Are you looking to leave the corporate world and start your own business? One of the first things to consider is how to structure your new company. Today we will look at the most basic type of business entity: the sole proprietorship.
A sole proprietorship is the easiest type of business to form. In fact, unless you plan on hiring an employee right away then a federal identification number (FEIN, or EIN) from the IRS is not necessary. Just make sure to open a separate bank account so that all business transactions will be separate from personal transactions. If you plan on using credit cards to pay for expenses then designate one or two that will only be used for business purposes going forward to ease the burden when it comes time to put together your financials.
The main advantage of a sole proprietorship is the tax reporting requirements. Instead of filing Form 1065 or Form 1120-S, which are complex and 5+ pages in length, a sole proprietorship can file their taxes on Schedule C. Schedule C is a two-page form where that lists business income and business expenses for the year. No Balance Sheet is required.

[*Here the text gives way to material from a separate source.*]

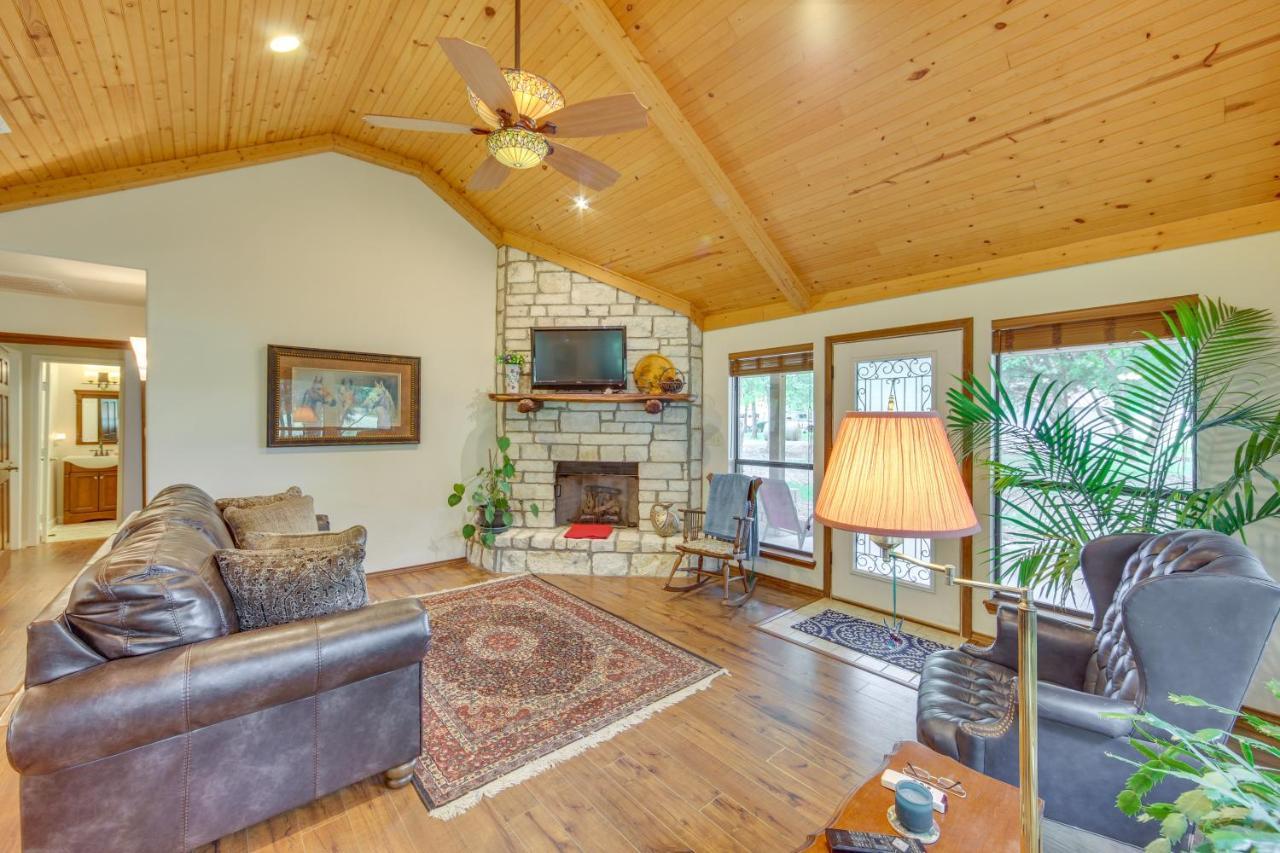 Dog-Friendly Wills Point Home With Grill On 10 Acres Canton Exteriér fotografie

The main disadvantage of a sole proprietorship is the self-employment tax. Not only will your business profit be subject to income tax, it will be subject to an additional 15% self-employment tax. For example, a business that earns $100,000 will pay roughly $15,000 in self-employment tax and income tax at their individual tax rate. Forming an S-Corporation can eliminate at least 50% of the self-employment tax.
Sole proprietors must make estimated tax payments at the end of each quarter to the IRS and applicable states to cover at least 90% of their current year tax liability or 100% of their prior year tax liability to avoid penalties and interest on their tax return.